Detailed breakdown by shock type
1) Hypovolemic shock
- Mechanism: Loss of intravascular volume → ↓ venous return → ↓ preload → ↓ SV → ↓ CO → ↓ MAP → tissue hypoperfusion.
- Common causes:
- Non‑hemorrhagic: vomiting, diarrhea, NG suction, poor PO intake, diaphoresis (fever), burns, diuretic abuse, renal losses.
- Hemorrhagic: trauma/exsanguination, GI bleed, ruptured AAA, uterine bleeding.
- Typical clinical appearance: cold, pale, mottled extremities; reflex tachycardia (unless bradycardic causes present).

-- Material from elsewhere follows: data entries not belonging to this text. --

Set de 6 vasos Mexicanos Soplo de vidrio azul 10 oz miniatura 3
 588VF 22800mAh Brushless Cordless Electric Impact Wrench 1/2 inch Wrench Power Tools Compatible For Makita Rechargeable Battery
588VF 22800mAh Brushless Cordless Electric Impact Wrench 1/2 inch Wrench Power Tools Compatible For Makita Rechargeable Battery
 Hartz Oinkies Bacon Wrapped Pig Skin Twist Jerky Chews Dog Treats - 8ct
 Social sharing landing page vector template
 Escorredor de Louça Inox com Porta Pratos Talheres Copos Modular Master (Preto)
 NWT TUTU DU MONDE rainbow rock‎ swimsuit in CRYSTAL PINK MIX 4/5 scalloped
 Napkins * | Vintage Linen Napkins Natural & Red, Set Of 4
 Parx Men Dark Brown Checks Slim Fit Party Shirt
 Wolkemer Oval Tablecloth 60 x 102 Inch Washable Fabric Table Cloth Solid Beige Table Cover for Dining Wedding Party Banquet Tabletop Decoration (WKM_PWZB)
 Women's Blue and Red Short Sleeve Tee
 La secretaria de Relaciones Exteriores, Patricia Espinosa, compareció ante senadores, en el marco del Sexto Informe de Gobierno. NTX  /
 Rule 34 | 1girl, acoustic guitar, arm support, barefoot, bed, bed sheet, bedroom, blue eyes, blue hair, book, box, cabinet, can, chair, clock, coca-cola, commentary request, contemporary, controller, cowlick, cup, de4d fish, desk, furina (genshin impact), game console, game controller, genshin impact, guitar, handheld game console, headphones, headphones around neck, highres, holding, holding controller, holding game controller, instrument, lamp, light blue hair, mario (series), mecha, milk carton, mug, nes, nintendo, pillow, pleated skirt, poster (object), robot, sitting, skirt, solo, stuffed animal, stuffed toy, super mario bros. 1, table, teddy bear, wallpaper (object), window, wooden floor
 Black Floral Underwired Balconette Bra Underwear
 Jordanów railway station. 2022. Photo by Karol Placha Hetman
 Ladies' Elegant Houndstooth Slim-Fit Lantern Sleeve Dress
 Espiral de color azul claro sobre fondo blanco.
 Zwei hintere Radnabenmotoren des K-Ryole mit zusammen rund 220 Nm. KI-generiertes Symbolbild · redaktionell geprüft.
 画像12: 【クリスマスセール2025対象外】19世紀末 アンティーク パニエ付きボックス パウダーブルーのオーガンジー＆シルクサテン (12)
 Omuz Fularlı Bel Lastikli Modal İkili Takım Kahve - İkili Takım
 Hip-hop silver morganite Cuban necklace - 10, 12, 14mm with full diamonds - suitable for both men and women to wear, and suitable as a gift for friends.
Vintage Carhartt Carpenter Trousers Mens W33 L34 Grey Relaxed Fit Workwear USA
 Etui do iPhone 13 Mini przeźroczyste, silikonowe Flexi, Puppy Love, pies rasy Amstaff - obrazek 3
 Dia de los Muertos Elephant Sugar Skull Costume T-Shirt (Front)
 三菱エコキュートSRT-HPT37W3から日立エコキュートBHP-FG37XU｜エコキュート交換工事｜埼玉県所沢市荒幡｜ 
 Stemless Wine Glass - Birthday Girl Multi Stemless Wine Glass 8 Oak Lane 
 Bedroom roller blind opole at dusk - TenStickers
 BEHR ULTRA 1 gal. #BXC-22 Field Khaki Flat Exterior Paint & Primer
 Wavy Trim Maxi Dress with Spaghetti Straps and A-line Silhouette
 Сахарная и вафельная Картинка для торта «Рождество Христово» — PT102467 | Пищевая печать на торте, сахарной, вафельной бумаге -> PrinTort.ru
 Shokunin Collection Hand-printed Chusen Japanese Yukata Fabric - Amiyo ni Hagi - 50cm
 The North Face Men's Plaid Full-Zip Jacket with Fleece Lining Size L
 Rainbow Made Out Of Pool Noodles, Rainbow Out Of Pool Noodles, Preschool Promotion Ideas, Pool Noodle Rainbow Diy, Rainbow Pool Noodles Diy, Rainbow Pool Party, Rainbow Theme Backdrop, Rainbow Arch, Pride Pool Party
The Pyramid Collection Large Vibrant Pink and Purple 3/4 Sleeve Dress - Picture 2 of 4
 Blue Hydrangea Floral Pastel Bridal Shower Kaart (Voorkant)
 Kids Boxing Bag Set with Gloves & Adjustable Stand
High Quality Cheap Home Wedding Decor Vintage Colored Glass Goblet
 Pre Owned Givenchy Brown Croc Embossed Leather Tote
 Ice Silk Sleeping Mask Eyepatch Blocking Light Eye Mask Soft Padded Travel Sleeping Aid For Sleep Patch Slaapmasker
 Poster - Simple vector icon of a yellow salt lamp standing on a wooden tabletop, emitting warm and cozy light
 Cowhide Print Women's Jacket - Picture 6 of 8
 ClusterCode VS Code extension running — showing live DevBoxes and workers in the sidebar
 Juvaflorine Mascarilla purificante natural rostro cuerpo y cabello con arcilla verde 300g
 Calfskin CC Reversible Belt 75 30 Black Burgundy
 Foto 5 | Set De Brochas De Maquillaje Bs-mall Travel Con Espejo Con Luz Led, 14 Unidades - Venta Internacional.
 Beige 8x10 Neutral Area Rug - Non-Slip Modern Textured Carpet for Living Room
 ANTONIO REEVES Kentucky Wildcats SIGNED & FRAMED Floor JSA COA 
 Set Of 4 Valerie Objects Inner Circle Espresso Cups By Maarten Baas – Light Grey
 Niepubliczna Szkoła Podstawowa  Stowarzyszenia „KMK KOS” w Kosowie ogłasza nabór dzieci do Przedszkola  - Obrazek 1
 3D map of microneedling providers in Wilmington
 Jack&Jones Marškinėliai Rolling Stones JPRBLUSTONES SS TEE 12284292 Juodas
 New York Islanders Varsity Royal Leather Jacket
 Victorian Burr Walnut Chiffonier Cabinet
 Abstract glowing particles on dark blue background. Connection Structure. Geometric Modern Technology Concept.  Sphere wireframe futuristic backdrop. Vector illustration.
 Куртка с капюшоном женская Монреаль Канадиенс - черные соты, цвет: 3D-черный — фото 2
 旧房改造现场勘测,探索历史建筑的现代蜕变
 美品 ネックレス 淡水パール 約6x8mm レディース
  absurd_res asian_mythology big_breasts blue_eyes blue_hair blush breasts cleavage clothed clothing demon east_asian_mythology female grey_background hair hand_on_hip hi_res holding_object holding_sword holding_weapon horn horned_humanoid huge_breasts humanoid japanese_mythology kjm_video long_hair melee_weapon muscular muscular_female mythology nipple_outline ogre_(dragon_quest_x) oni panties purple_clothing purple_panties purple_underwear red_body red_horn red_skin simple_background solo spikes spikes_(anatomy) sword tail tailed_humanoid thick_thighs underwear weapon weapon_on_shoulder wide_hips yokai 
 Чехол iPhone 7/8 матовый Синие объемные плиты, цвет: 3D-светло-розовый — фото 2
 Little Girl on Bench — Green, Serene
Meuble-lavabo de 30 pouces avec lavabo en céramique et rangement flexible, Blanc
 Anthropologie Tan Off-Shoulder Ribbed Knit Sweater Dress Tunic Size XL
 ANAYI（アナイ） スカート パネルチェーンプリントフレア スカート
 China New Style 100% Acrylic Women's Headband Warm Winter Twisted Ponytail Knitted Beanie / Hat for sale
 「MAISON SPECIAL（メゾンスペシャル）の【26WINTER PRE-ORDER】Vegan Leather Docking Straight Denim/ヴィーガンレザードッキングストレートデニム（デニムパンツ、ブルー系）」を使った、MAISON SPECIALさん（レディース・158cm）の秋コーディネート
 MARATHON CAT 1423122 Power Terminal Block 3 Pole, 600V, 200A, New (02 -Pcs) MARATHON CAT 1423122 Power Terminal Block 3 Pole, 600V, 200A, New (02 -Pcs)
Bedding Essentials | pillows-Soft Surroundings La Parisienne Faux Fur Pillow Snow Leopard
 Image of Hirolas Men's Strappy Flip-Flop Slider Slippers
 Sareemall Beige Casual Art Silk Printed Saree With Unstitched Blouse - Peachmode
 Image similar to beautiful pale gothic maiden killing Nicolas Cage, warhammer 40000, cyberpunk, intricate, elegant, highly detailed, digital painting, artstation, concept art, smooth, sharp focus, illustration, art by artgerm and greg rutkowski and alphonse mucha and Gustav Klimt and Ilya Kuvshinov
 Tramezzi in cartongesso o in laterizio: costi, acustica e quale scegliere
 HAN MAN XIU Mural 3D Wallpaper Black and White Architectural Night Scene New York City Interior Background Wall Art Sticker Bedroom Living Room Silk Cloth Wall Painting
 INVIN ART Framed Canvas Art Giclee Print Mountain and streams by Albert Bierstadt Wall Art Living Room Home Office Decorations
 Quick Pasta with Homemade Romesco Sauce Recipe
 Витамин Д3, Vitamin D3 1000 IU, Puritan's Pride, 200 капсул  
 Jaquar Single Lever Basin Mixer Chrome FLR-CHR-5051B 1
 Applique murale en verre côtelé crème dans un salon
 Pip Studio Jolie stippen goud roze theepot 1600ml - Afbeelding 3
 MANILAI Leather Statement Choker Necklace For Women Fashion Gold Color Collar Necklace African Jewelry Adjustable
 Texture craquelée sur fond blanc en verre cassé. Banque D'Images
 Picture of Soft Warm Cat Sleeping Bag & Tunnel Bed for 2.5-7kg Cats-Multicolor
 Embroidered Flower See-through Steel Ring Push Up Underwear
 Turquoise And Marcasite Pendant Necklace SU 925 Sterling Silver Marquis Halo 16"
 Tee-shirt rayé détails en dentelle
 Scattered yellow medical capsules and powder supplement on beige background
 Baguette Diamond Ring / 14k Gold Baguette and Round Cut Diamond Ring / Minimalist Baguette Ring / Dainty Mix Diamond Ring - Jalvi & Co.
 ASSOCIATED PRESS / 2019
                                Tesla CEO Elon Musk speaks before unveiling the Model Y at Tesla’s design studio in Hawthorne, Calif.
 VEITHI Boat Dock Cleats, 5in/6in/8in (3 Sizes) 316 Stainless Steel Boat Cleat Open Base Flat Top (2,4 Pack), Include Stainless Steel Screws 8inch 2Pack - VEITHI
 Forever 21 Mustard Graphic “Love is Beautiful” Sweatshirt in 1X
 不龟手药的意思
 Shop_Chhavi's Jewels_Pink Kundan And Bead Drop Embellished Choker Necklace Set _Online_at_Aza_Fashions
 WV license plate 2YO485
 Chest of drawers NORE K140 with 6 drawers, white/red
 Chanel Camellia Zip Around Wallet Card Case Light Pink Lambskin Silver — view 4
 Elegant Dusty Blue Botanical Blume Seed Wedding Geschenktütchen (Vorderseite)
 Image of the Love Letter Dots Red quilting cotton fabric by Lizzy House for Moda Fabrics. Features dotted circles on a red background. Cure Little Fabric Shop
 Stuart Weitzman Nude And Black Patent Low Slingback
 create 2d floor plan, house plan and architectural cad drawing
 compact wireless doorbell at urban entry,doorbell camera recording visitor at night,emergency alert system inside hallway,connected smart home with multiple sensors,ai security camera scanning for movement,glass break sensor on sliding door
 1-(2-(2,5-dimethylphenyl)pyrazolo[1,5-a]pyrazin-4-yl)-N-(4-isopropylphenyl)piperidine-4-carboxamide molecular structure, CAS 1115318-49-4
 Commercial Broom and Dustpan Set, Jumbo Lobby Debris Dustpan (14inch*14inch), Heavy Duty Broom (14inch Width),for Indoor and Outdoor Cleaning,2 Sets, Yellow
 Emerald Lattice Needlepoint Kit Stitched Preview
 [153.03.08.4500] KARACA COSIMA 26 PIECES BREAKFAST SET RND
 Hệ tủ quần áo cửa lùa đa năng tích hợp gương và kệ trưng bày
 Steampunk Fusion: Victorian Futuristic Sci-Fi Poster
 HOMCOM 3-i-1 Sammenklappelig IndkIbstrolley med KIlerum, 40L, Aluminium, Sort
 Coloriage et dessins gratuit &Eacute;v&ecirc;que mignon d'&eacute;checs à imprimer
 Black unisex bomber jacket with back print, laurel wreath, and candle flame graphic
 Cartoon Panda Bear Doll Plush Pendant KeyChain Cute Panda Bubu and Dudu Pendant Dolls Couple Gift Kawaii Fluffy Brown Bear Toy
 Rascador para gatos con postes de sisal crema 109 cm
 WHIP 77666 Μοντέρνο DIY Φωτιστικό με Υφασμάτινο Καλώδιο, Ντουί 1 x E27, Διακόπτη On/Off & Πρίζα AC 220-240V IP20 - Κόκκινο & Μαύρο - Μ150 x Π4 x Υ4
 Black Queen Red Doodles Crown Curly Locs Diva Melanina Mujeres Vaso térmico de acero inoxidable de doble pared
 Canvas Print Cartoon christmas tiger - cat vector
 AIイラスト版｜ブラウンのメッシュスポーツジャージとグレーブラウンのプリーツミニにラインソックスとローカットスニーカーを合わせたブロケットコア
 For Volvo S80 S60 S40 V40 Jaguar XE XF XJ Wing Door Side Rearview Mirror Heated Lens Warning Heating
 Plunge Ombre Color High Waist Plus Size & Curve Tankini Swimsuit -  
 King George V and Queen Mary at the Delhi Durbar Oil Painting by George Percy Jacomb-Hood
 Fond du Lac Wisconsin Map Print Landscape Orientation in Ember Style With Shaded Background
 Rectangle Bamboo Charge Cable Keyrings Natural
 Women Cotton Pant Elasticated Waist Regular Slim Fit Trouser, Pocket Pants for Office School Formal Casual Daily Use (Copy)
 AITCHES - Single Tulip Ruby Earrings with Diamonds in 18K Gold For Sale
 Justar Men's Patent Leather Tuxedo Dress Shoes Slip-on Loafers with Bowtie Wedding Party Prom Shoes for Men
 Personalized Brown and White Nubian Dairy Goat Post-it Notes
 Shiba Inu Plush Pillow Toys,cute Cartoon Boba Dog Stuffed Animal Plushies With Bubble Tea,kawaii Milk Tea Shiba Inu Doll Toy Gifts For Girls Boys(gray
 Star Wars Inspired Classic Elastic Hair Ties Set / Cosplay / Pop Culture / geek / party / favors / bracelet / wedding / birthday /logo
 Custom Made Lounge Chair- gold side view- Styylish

- Swan–Ganz/right‑heart catheter profile:
- Cardiac index (CI): low
- Mixed venous O2 (SvO2): low
- SVR: high (compensatory)
- CVP: low
- PCWP: low
- Treatment (practical steps):
- Restore intravascular volume with crystalloids (IV fluids).
- Give blood products (PRBCs) for hemorrhagic loss.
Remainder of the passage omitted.